Chilean ichthyosaurs discovered

This video is called The history of paleoillustrations: Ichthyosauria.

From the Santiago Times in Chile:

Palaeontologists discover Jurassic marine reptile fossils, the oldest ever found in Torres del Paine

February, 11 2010

After undergoing difficult weather conditions (heavy rain, strong winds, and frequent snow storms) palaeontologists at Torres del Paine National Park in Chile’s Patagonia recently uncovered the remains of four marine reptiles from the Jurassic period.

The Jurassic classification of the reptile, scientifically named Ichthyosauri, makes these fossils the oldest found in the area. One of the female skeletal fossils contained fossil evidence of a reptile fetus.

“[This discovery] makes the Torres del Paine National Park one of the most important paleontology sites for marine reptiles in the world,” said University of Heidelburg professor Wolfgang Stinnesbeck.

The palaeontologists were also able to extract bone marrow from the remains, which will be analyzed in German labs to reconstruct and study the dinosaur’s anatomy.

Ichthyosaurs, though living at the same time as dinosaurs, are not dinosaurs themselves.

The presence of bone marrow demonstrates the incredible preservation conditions unique to Torres del Paine, said Chilean biologist Judith Pardo.

The excavation project, which began in 2007, is led by German experts Stinnesbeck and Eberhard “Dino” Frey from the Karlsruhe Natural History Museum.

Marine reptiles, which at the time of the last great extinction included mosasaurs, plesiosaurs and pliosaurs: here.
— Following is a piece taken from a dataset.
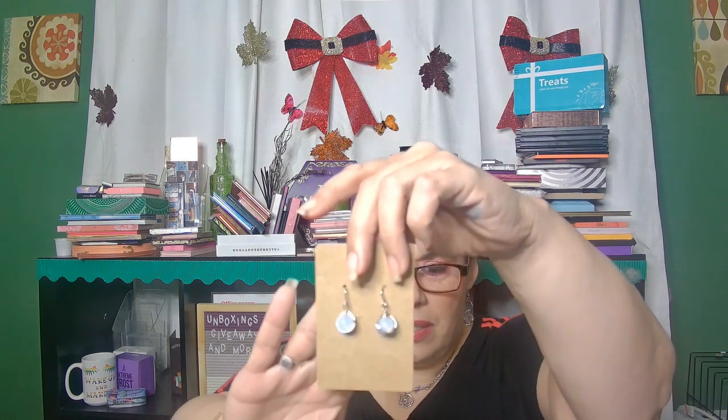All right, first item here — one of them fell off — is a pair of earrings. They look kind of cute. They have a little metal design over it, like an opaque white-clear one. That is cute.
A teenager in Queensland, Australia, recently dug up a 100-million-year old Dinosaur Era marine reptile in his school’s vegetable garden. A local museum has since identified the fossil as belonging to an ichthyosaur: here.

Giant reptiles that ruled dinosaur-era seas might have been warm-blooded, a new study says: here.
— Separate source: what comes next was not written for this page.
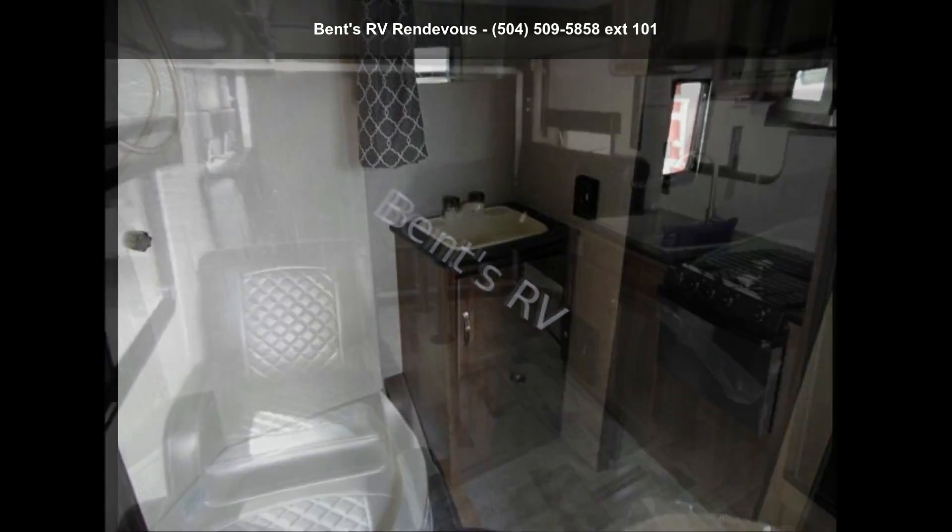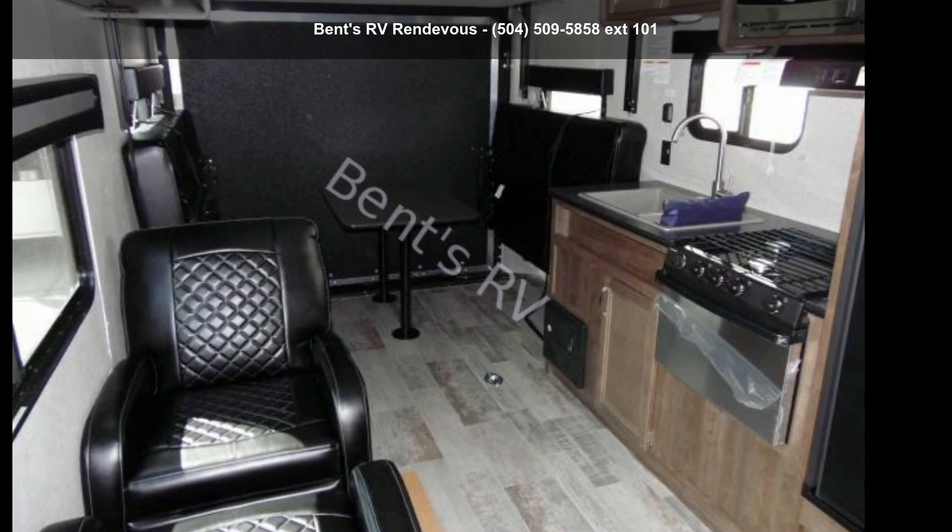Call now to schedule an appointment at our dealership. An adventure awaits.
10 thoughts on “Chilean ichthyosaurs discovered

  1. Ichthyosaur fossils found in school

    * Kym Agius
    * From: AAP
    * May 31, 2010 6:41PM

    DINOSAUR [sic] fossils have been discovered in a veggie patch at a Queensland school, 100 million years after the beasts roamed the inland sea.

    Year 10 student Raymond Hodgson and groundsman Ben Smith unearthed six vertebrae from the ichthyosaur on May 20, while laying out a vegetable garden at the Richmond State School, in the state’s northwest.
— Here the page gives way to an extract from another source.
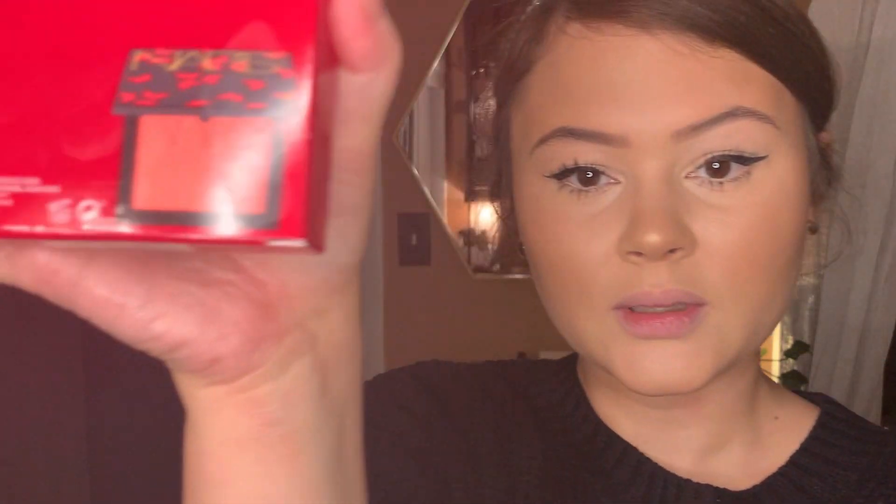It's a collection about his mom who inspired him to become a photographer and a makeup artist, and her name is Claudette, I believe. So what I got is the blush, the blush duo — so it looks like that.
    Mr Smith said Raymond was complaining about the difficult digging after he had struck something hard.

    “He hit a rock, and once he got it out, he threw it to the side because he wasn’t taking any notice,” he told AAP.

    “I picked it up and had a look at it, and thought ‘That looks more like a fossil than a rock’.”

    Students and the principal descended on the patch and watched as five more vertebrae were unearthed.

    “Of all things in the school ground, you don’t expect to see that,” Mr Smith said.

    The curator of local fossil museum Kronosaurus Korner, Paul Stumkat, said ichthyosaurs were prolific in the area from the end of the Jurassic period through to the early Cretaceous period.

    “They were the wilderbeasts of the Cretaceous inland sea,” Mr Stumkat told AAP.

    The creature looked like a cross between a dolphin and a shark and could grow to about eight metres.

    They had some of the largest eyes in the animal kingdom, allowing them to dive to the dark depths of the inland sea to hunt squid.

    The ichthyosaur found at Richmond State School came from a mature adult and Mr Stumkat is hoping its skull will be found.

    “To find fossils is great, but to find a complete animal is better,” Mr Stumkat said.

    The Richmond area is famous for fossils.

    Mr Stumkat said a “grey nomad” was travelling just outside of the town in May last year, when he came across a fossil by accident.

    “He went to relieve himself, and he came across an ichthyosaur,” Mr Stumkat said.

    “As we were excavating, it disappeared halfway along so we were suspicious that something bit the whole thing in half.”

    He said many of the museum’s 500 specimens had bite marks, mainly from ichthyosaurs and kronosaurus – a marine reptile that was, arguably, the largest in the world.

    The ichthyosaur fossils found by Raymond and Mr Smith are on display at the school and the veggie patch has been relocated for now.